Merry Christmas And happy Thanksgiving too, of course. But dinner is done, and it's time to look onward to what is really my favorite holiday of the year.
Theoretically, as a Christian, Easter should be my favorite holiday. It is, after all, the only thing that makes Christmas worth celebrating. It's the Big Deal, the Whole Point, the Crux of History. And yet, I enjoy Christmas far more than I do Easter.
There are two minor reasons for that, and one major one. The first minor reason is that Christmas is longer. I can wish you a merry Christmas almost a month in advance, and you'll not think me all that strange. If I wished you a happy Easter a month before the day itself, then you'd think I was nuts.
Second, Easter is more familiar.
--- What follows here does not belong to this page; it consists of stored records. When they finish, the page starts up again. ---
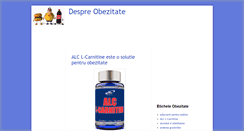 Desktop Screenshot of despre-obezitate.blogspot.com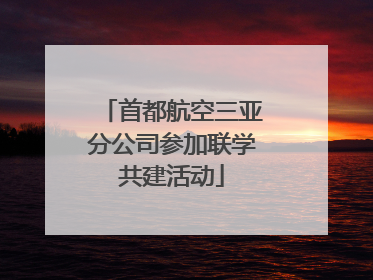 首都航空三亚分公司参加联学共建活动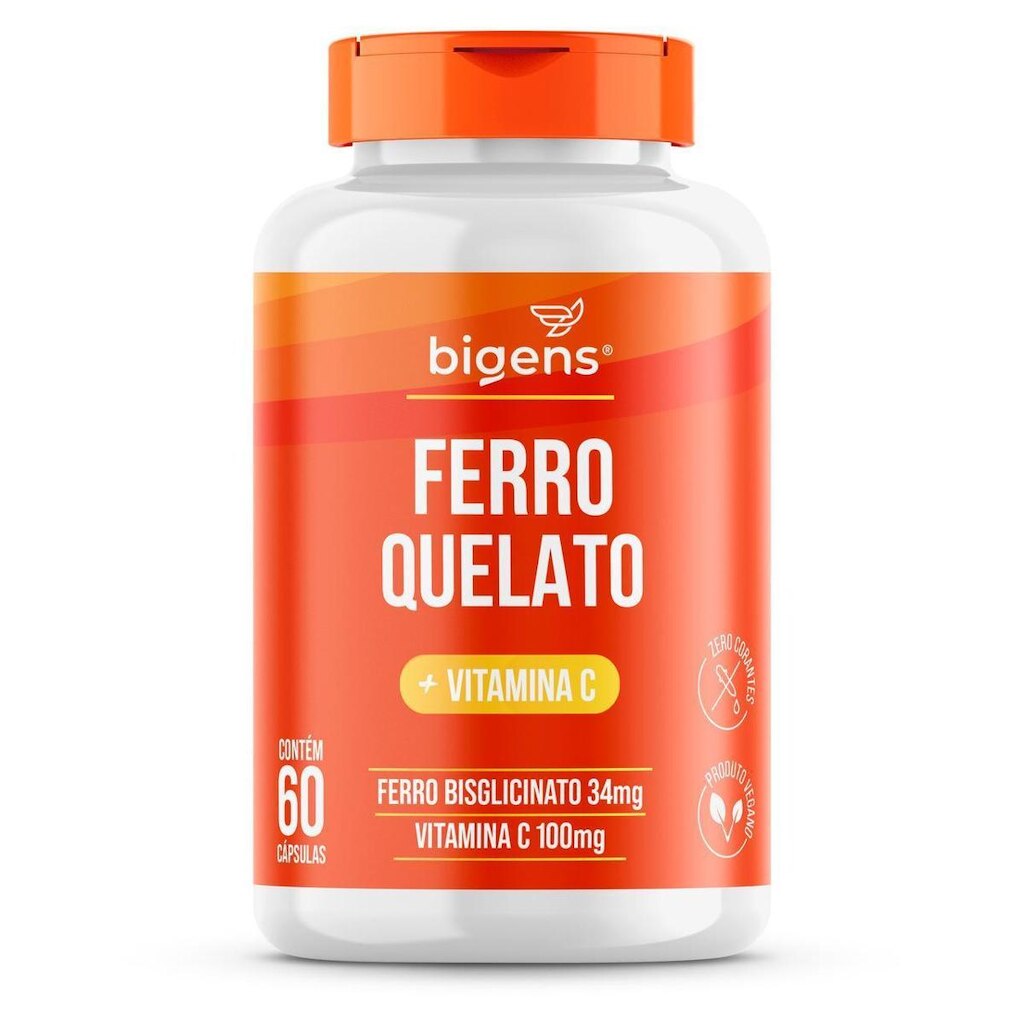 BIGENS FERRO + VITAMINA C 60 CAPS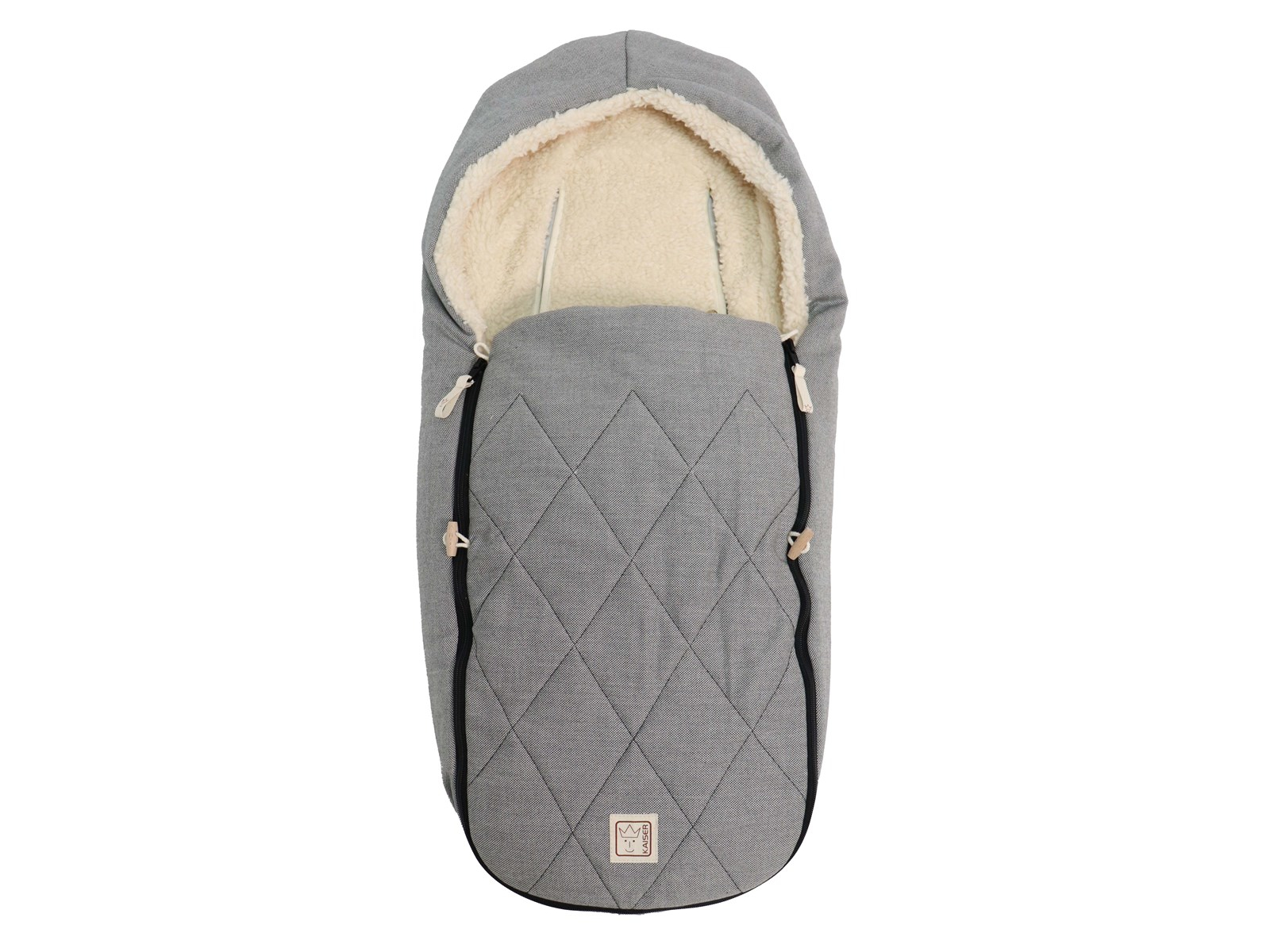 Kaiser Naturfellprodukte Fußsack Babyschale Bio-Baumwolle "Le Petit" Maße ca. 83 x 40 cm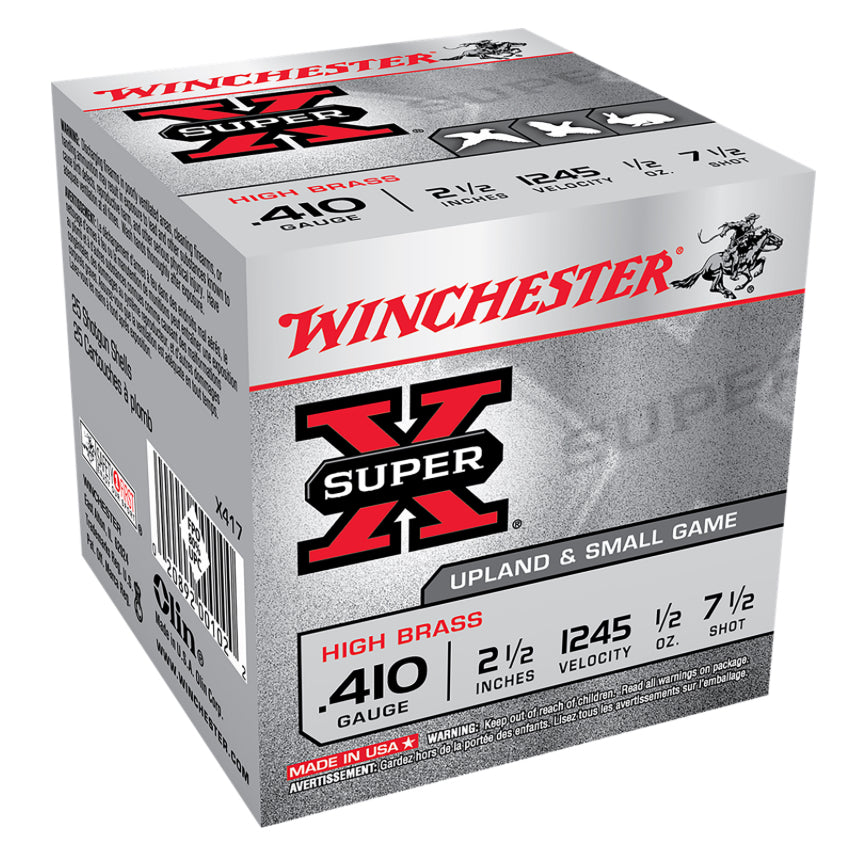 Winchester Ammo X417 Super X Heavy Game Load High Brass 410Gauge 2.50" 1/2oz 7.5Shot 25 Per Box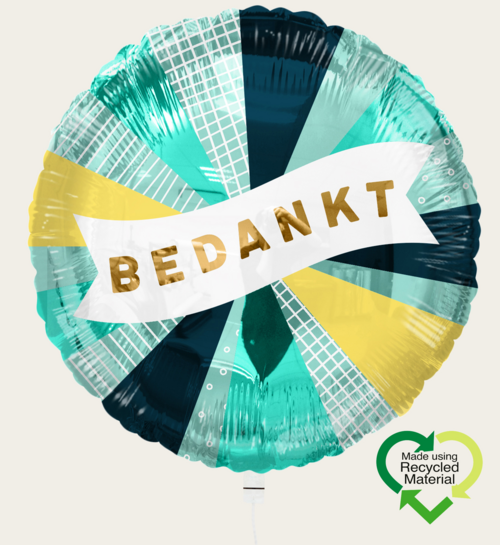 Ballon Bedankt Blauw Eco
Because it is the whole point, Christians celebrate it every time we sing, every time we are baptized, every time we take communion. The whole year is a constant celebration of Easter.
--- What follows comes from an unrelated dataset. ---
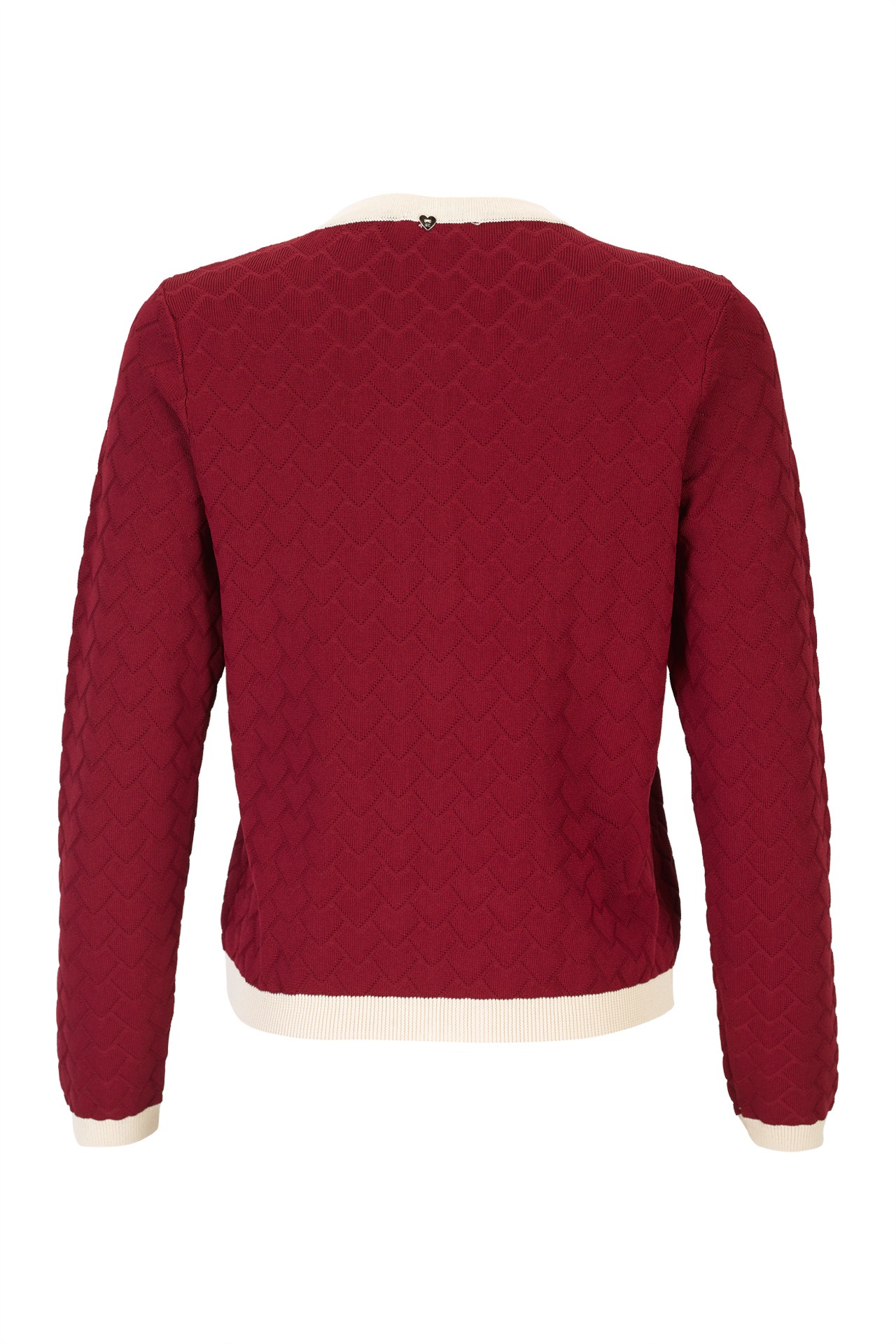 Knitted cardigan with heart-shaped buttons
But while valid, these reasons don't explain the draw that Christmas has for me. That reason is a bit more complex.
The human spirit is filled with a desire for the epic, the awe-inspiring. We desire things that are greater than ourselves--this is why The Lord of the Rings is such a popular book and movie. This is why American presidents always describe the wars they fight as being a part of a battle for freedom that is older than the nation itself. This is why the one thing that Americans truly envy of Europeans about is the fact that they have ancient castles, cathedrals and keeps all around. This is why the British can't bear to do away with the monarchy. We like awe, we like greatness, we like the majesterial, we like, in essence, the epic.
But there is something greater than the epic. When the epic meets the everyday, that is where true greatness lies--that is what truly stirs our soul. This is why the Lord of the Rings is more popular than the Silmarillion, and why standing on an ancient spot is a thousand times more thrilling than reading of the events that happened there. When majesty intersects the mundane, that is what makes us see visions and dream dreams; that is what, as C. S. Lewis said, makes us desire to experience the whole universe at once; that is what makes us imagine that all the majesty of reality could one day meet us at our doorstep.
And that, after all, is exactly what happened. The Incarnation is the very definition of the mighty intersecting the meek, and of the great encountering the small. For what is greater than the Infinite, and what smaller than the Finite? Who more powerful than the Creator and Sustainer of the Universe, and who more helpless than a newborn baby?
This is why I listen to Christmas music incessantly, why I've decorated even this page with garish decorations, and why I look forward to the next month with a glee that is both childlike and older than the mountains. Because what I celebrate this season, the ultimate collision of epic and the common, stirs my soul and calls me, too, to experience greatness, and it's a call I hope to never shirk.
So have a merry Christmas season, everyone, and may all your common intersect the epic along the way.